----- Exercise data -----
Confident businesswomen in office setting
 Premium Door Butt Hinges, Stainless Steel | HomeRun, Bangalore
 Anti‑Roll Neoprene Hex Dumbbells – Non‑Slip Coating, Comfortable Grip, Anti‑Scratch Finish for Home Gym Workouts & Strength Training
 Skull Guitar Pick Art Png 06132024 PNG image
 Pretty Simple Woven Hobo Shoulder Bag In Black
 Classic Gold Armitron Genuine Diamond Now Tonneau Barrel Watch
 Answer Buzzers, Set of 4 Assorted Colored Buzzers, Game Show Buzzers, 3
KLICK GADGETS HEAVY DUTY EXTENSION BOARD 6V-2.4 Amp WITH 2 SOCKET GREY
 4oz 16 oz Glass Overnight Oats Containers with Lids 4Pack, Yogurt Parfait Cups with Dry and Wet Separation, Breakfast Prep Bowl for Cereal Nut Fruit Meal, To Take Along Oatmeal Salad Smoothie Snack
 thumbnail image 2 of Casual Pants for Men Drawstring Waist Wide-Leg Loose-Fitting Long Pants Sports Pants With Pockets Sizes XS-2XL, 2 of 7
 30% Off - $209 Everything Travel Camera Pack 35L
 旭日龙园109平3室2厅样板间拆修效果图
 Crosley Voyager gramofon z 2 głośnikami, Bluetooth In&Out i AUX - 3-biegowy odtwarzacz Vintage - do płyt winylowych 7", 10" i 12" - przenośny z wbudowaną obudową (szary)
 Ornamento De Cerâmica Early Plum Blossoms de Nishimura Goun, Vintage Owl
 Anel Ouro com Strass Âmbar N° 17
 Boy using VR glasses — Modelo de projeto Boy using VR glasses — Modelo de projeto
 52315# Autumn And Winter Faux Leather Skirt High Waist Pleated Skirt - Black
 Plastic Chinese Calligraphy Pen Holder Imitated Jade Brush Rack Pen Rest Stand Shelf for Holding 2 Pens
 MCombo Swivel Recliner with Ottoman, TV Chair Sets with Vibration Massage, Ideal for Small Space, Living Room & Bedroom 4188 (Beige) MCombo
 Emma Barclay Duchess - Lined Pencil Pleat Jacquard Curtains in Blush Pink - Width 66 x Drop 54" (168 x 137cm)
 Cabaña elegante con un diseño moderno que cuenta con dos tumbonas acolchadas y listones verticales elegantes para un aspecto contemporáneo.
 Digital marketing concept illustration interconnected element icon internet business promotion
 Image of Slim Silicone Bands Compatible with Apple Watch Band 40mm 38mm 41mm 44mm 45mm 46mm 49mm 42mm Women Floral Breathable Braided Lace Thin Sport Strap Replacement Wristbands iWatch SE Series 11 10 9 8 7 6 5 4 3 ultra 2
-----
What this task involves: If a line in the entries above has the word "Watch", copy it.

Response area:
 Classic Gold Armitron Genuine Diamond Now Tonneau Barrel Watch
 Image of Slim Silicone Bands Compatible with Apple Watch Band 40mm 38mm 41mm 44mm 45mm 46mm 49mm 42mm Women Floral Breathable Braided Lace Thin Sport Strap Replacement Wristbands iWatch SE Series 11 10 9 8 7 6 5 4 3 ultra 2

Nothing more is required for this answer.